After the unexpected success of 2000’s Grammy-winning O Brother, Where Art Thou? soundtrack, to which Welch contributed two songs, some critics deemed her act a gimmick whose influence wouldn’t outlast the "old-timey" craze the film inspired. Indeed, in terms of both appearance and musical style, Welch and Rawlings give the impression of having come directly from a Dorothea Lange dustbowl photograph, so there have been ample opportunities for media pigeonholing. The fact that Welch grew up in Los Angeles rather than a backwoods mining town also seemed to undermine her legitimacy as anything more than an old-fashioned novelty act. The critically acclaimed Time (The Revelator), released in 2001, showcased Welch’s aptitude for capturing loneliness and longing in eccentric character sketches and Appalachian vignettes and established her as a leading purveyor of music that sounded simultaneously centuries old and brand new.

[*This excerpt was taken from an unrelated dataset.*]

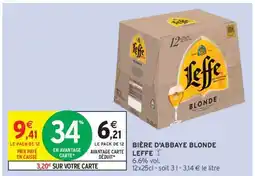 Intermarché Contact BIÈRE D'ABBAYE BLONDE LEFFE offre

BUT, AS WELCH SAYS, it was time to move into different territory with the new album: "At the end of the last record we were a little tired of the sounds we were making, and felt like our musical palette had shrunk." Welch notes that Soul Journey is a "completely unfussy" collection that expands her boundaries in several ways. Recorded in just eight weeks in Nashville, the spirit of the sessions was spontaneous; many of the songs were captured in one take, with all the musicians performing together live. Stylistically, Soul Journey treads familiar ground with spare arrangements of traditional folk songs ("Make Me Down a Pallet on Your Floor," popularized by Doc Watson) and melancholy tales of yearning ("I Made a Lovers Prayer"). But it also takes on a previously unexplored roots-rock feel at times, adding drums and driving bass in numbers such as the nostalgic "Wrecking Ball."

Soul Journey also marks a lyrical departure for Welch. While always personal, in the past she’s distanced herself from the characters who inhabit her songs—whether Elvis or an orphan girl—by placing them in obscure, fictional settings. On Soul Journey, however, Welch has been up front about the fact that most numbers are nakedly self-referential. In "No One Knows My Name," for instance, Welch confesses the identity crisis inherent in being adopted (she is the biological daughter of an unknown girl who took up with a traveling musician): "Ain’t one soul in the whole world knows my name/ Just another baby born to a girl lost and lorn." Clearly Welch has experienced the loss and loneliness about which she writes.

Even in the midst of this melancholy, Welch insists that Soul Journey is her most upbeat project yet—which only contributes to its significance as an apocalyptic work of art. Soul Journey is indeed soul music: The simple sounds in which Welch and Rawlings wrap their words communicate such heartbreakingly familiar emotions that they are able to transform our human frailties—broken relationships, Christ-haunted longings, nostalgia for the past—into beautiful expressions of dignity and hope.

Kate Bowman helps students look for God in art and pop culture as student activities coordinator for Calvin College in Grand Rapids, Michigan.